Il punto fermo per le tre religioni è l’origine della dignità umana, messa alla prova quando la malattia diventa grave o terminale: «L’assistenza a chi sta per morire, quando non è più possibile alcun trattamento – scrivono i firmatari – rappresenta da un lato un modo di aver cura del dono divino della vita e dall’altro è segno della responsabilità umana ed etica nei confronti della persona sofferente». Questa stessa dignità che ha la sua radice in Dio ispira e impone la capacità di arrestarsi quando l’intervento clinico, oggi reso sempre più invasivo dalle tecnologie mediche, va oltre il punto di equilibrio con il rispetto della vita stessa, che non dev’essere preservata a qualunque costo: «Gli interventi sanitari tramite trattamenti medici e tecnologici sono giustificati solo nei termini del possibile aiuto che essi possono apportare.
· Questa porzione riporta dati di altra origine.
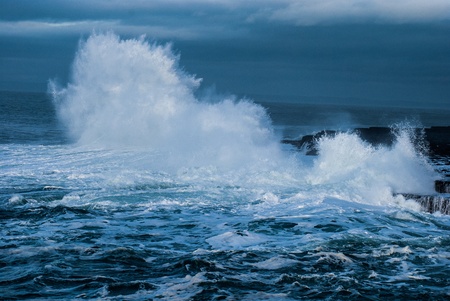 Crashing wavesの写真素材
Per questo il loro impiego richiede una responsabile valutazione per verificare se i trattamenti a sostegno o prolungamento della vita effettivamente raggiungono l’obiettivo e quando invece hanno raggiunto i loro limiti. Quando la morte è imminente malgrado i mezzi usati è giustificato prendere la decisione di rifiutare alcuni trattamenti medici che altro non farebbero se non prolungare una vita precaria, gravosa, sofferente».
La domanda umana sul finire della vita ha la sua risposta non nelle scorciatoie legali per farla finita ma nell’accompagnamento integrale, altro cardine della Dichiarazione: «Incoraggiamo e sosteniamo una qualificata e professionale presenza delle cure palliative ovunque e per ciascuno. Anche quando allontanare la morte e un peso difficile da sopportare, siamo moralmente e religiosamente impegnati a fornire conforto, sollievo al dolore, vicinanza, assistenza spirituale alla persona morente e ai suoi familiari». Per questo il documento propone un’azione condivisa: «Dal punto di vista sociale dobbiamo impegnarci affinché il desiderio dei pazienti di non essere un peso non ispiri loro la sensazione di essere inutili e la conseguente incoscienza del valore e della dignità della loro vita, che merita di essere curata e sostenuta fino alla sua fine naturale». Per ottenerlo sono anche indispensabili «leggi e politiche pubbliche che proteggano il diritto e la dignità del paziente nella fase terminale, per evitare l’eutanasia e promuovere le cure palliative». Tre gli impegni sottoscritti, infine, sul piano culturale: «Coinvolgere le nostre comunità sulle questioni della bioetica relative al paziente in fase terminale» facendo «conoscere le modalità di compagnia compassionevole per coloro che soffrono e muoiono»; «sensibilizzare l’opinione pubblica sulle cure palliative attraverso una formazione adeguata»; «fornire soccorso alla famiglia e ai cari dei pazienti che muoiono».